Um estudo publicado em uma revista científica aponta que os microplásticos podem estar associados a problemas cardíacos. Pesquisadores italianos investigaram a presença dessas partículas no sangue para avaliar o risco de desenvolvimento de doenças cardiovasculares graves.
O tema também foram tratados pelo Instituto de Ciências Cardiovasculares da University College London, University of East London e University College. A pesquisa analisou a corrente sanguínea de 61 participantes para identificar a frequência do poluente em diferentes condições de saúde.
O organismo de quem passou por um infarto apresentou uma presença muito mais expressiva desse material sintético.
Os números da contaminação no sangue
A presença de partículas plásticas microscópicas variou de forma significativa entre os grupos que participaram do teste clínico. Os dados revelaram que o poluente foi detectado em 84,2% das pessoas que sofreram infarto do miocárdio.
O índice de detecção caiu para 40% nos indivíduos diagnosticados apenas com quadros de síndromes coronarianas crônicas. No grupo de controle, composto por pessoas com artérias coronárias normais, o número registrado foi de 31,8%.
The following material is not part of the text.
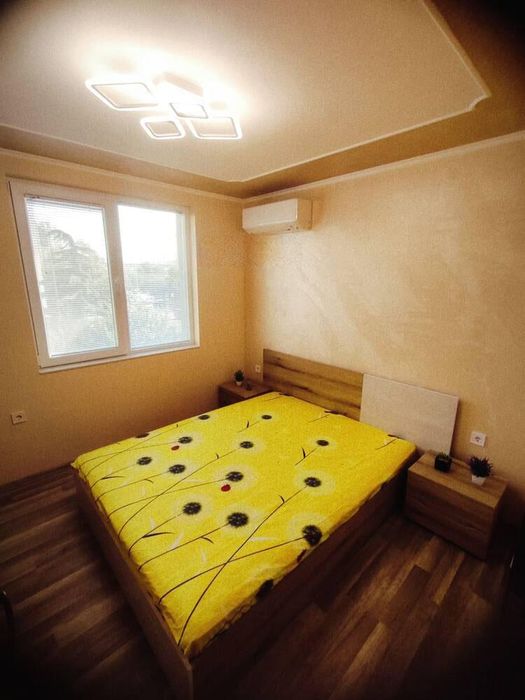 Дава се под наем Двустаен апартамент в Бургас, Изгрев - 63 кв.м за 663 € - Снимка #3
Limitações metodológicas e fatores de confusão
O caráter estritamente observacional da análise impede que se estabeleça um vínculo definitivo de causa e efeito entre os fatores. Especialistas da UCL e da UEL apontam que variáveis socioeconômicas podem atuar como fatores de confusão nesses resultados.
A causalidade reversa também é uma hipótese viável para justificar as taxas elevadas encontradas nos pacientes cardíacos. O tratamento de emergência em ambiente hospitalar envolve infusões intravenosas que podem liberar esses materiais plásticos no sangue.